Grota, no retrato que fez de Booker (jazzista norte-americano falecido em 1969),percorreu um caminho inverso ao seu anterior “Satori Uso”, no qual documentava um personagem ficticio (enganando muita gente). Em “Booker”, Grota dramatiza visualmente num estúdio – com interpretações do ator Edson Montenegro no papel do músico – situando o personagem em diferentes momentos de sua vida, em bonita direção de arte e fotografia.

Em “Tira o Óculos…”, Sampáio também brinca, literalmente, com memória para falar de um fato envolvendo Jards Macalé e Moreira da Silva, quando ambos foram parar na degacia em 1977, durante a ditadura militar. No curta, Macalé vive ele próprio e também o Kid Morangueira dentro de um contexto cinematográfico extremamente divertido que remete desde as chanchadas até aos westerns-spageth italiano.

O “Dreznica” e “Rê Bordosa”, conhecidos dos recifenses pela exibição no Cine-PE, também reiventam a memória, cada um na sua medida. No primeiro, com restos de imagens em Super-8 para sugerir a quase perdida lembrança visual de deficientes visuais , e o segundo criando imagens documentais para explicar a personalidade da mulher-esponja do Angeli.

LONGA-METRAGEM
A última projeção da noite inaugorou a Mostra Aurora, que Tiradentes dedica a realizadores debutando num longa-metragem. O carioca Gustavo Beck inaugurou seu “A Casa de Sandro” por aqui com uma pouco de prejuízo em função do atraso de quase uma hora na sessão. O que de fato tornou-se mesmo um problema em função de seu filme requerer uma imersão total do espectador para poder fruí-lo na intenção do diretor.

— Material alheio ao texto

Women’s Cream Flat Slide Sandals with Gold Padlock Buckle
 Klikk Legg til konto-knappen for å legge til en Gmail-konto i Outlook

A obra consiste em “visitar” a casa e a personalidade de Sandro Donatello, artista plástico carioca. Mais que isso, o filme parece querer dialogar com a própria estrutura processual entre a criação do artista e do diretor. Quase nunca focado em close, e quase sempre aplicando sua câmera como um bisbilheteiro que observa Sandro à distância, sem procurar interferir em seu cotidiano, Gustavo e equipe oferecem essencialmente uma contemplação sobre personagem e seu ambiente – mesmo que Gustavo não goste do termo ‘contemplação’, por em alguns momentos o espectador ser levado a interagir com a imagem (a do sapo na piscina talvez seja a mais forte nesse sentido).

Com seus longuíssimos planos-mortos, “A Casa de Sandro” expulsou 2/3 do público antes de seu final, não dando chance desse público perceber uma função incomum na construção do protagonista. Na verdade, um protagonismos divido em três: Sandro, a casa em si, e a interação de Sandro com a casa. De qualquer forma, o personagem Sandro parece sofrer nessa divisão, uma vez que naturalmente por ser uma figura atraente como indivíduo humano, parece querer mais oxigênio para respirar na construção do filme. Ou talvez sejamos apenas nós, espectadores, querendo a velha e boa expressão verbal, ao invés da observação insistente de uma câmera congelada.